Scala Algebird Abstract Algebra, Monoid, Monads

Recently I came across scala Algebird.  Well there are not too many of good descriptions of it but the following is awsome.

It starts by explaining why add is actually awesome.  We have a stream of numbers we don't need to remember anything we just remember the total which is a single number.  So a single number a property of infinite number of numbers.

Add is awesome also because we can split the stream of numbers to multiple boxes and we can just sum the sum of all boxes, great, cluster.
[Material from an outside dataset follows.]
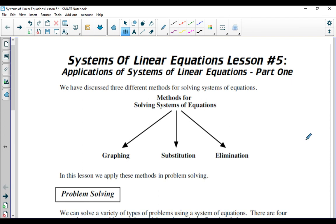Hello again, Math 10Cs. In today's lesson, we're going to use our knowledge gained from the previous lessons in the unit, which was all about solving a system of linear equations. We started the unit off by doing it graphically, then we looked at two different methods algebraically: one method called substitution, one method called elimination to solve the system of equations. And now that we know how to do this, we're going to apply this knowledge to word problems.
Associativity, Commutativity, no need to extend explanation on this. Associativity is what lets us have multiple boxes.  Also as we send only the totals over the network its a small thingy to send over network.

now what if we track max and not add? do we need to write the whole logic for max again? actually we will find out that if we can tranform from add --> max then we can reuse the add! a whole box of operations now can be done using only add you just need to learn how to transform from add to max or any other function here (which withstands the rules described below) and we are good to go.

its not just a standard abstraction its a monoid abstraction aha!

the properties we had here are that we have 0 item, (they are ignored for add) grouping doesnt matter (associativity) commutativity, takes input of two nubmers and generates 1.

and here we just defined a commutative monoid .

now if you want average you again transform to pairs (vectors) of weight and value and then transform back to the avg number for presentation.

and here comes a stream of monoids

unique values monoid
avg monoid
histogram monoid
frequency monoid

hmmm and a very nice way to find unique values without remembering all the input items, we just hash them and use the property that the avg distance between two items would be 1/e - 1 and thus we can just see that the expected value to the first item is the number of unique items.  to get better results we can hash multiple times each item.  This is called either the min hash signature or HyperLogLog or Bloom filters where we do vector max operation on them.

these are all basically the same idea tweaked for the specific problem domain.

and you see unique values can also be aggregated like add! add is really awesome!

alice: 1, bob: 1, alice: 1 => {alice: 2, bob: 1}
again we can hash the items into a contained limited set of buckets and project it down into this smaller space.

so alice: 1 => [0,0,1,0] we are limited here by 4 buckets.